Classifications: electrolyte and water balance agent; potassium-sparing diuretic;
Therapeutic: potassium-sparing diuretic

Prototype: Spironolactone
Pregnancy Category: D


50 mg, 100 mg capsules


Structurally related to folic acid. Like spironolactone, has weak diuretic action and a potassium-sparing effect. Promotes excretion of sodium, chloride (to lesser extent), and carbonate. Unlike spironolactone, blocks potassium excretion by direct action on distal renal tubule rather than by inhibiting aldosterone. Decreased glomerular filtration rate and elevated BUN are associated with daily administration.

Therapeutic Effect

Has a diuretic action and a potassium-sparing effect.


Adjunct in the management of edema associated with CHF, hepatic cirrhosis, nephrotic syndrome, idiopathic edema, steroid-induced edema, and edema due to secondary hyperaldosteronism. Also alone or in conjunction with a thiazide or loop diuretic in patients with hypertension because of its potassium-sparing activity.


Hypersensitivity to drug; anuria, severe or progressive kidney disease or dysfunction; severe liver disease; diabetic neuropathy; elevated serum potassium; severe electrolyte or acid-base imbalance; pregnancy (category D).

Cautious Use

Impaired kidney or liver function; gout; history of gouty arthritis; diabetes mellitus, older adults; history of kidney stones; lactation.

Route & Dosage

Adult: PO 100 mg b.i.d. (max: 300 mg/d), may be able to decrease to 100 mg/d or q.o.d.
Geriatric: PO 50 mg/d (max: 100 mg/d in 1–2 divided doses)
Child: PO 2–4 mg/kg/d in divided doses or q.o.d. (max: 300 mg/d)

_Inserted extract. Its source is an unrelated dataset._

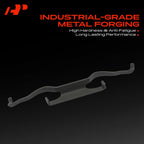 A-Premium Front Disc Brake Hardware Kit Compatible with Ford Models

  • Empty capsule and give with fluid or mix with food, if patient cannot swallow capsule.
  • Give drug with or after meals to prevent or minimize nausea.
  • Schedule doses to prevent interruption of sleep from diuresis (e.g., with or after breakfast if a single dose is taken, or no later than 6 p.m. if more than one dose is prescribed). Consult physician.
  • Withdraw drug gradually in patients on prolonged or high-dose therapy in order to prevent rebound increased urinary excretion of potassium.
  • Store in tight, light-resistant containers at 15°–30° C (59°–86° F) unless otherwise directed.

Adverse Effects (≥1%)

GI: Diarrhea, nausea, vomiting, and other GI disturbances. CNS: Dizziness, headache, dry mouth, anaphylaxis, weakness, muscle cramps. Skin: Pruritus, rash, photosensitivity. CV: Hypotension (large doses). Metabolic: Hyperkalemia and other electrolyte imbalances, elevated BUN, elevated uric acid (patients predisposed to gouty arthritis), hyperchloremic acidosis. Hematologic: Blood dyscrasias: granulocytopenia, eosinophilia, megaloblastic anemia in patients with reduced folic acid stores (e.g., hepatic cirrhosis).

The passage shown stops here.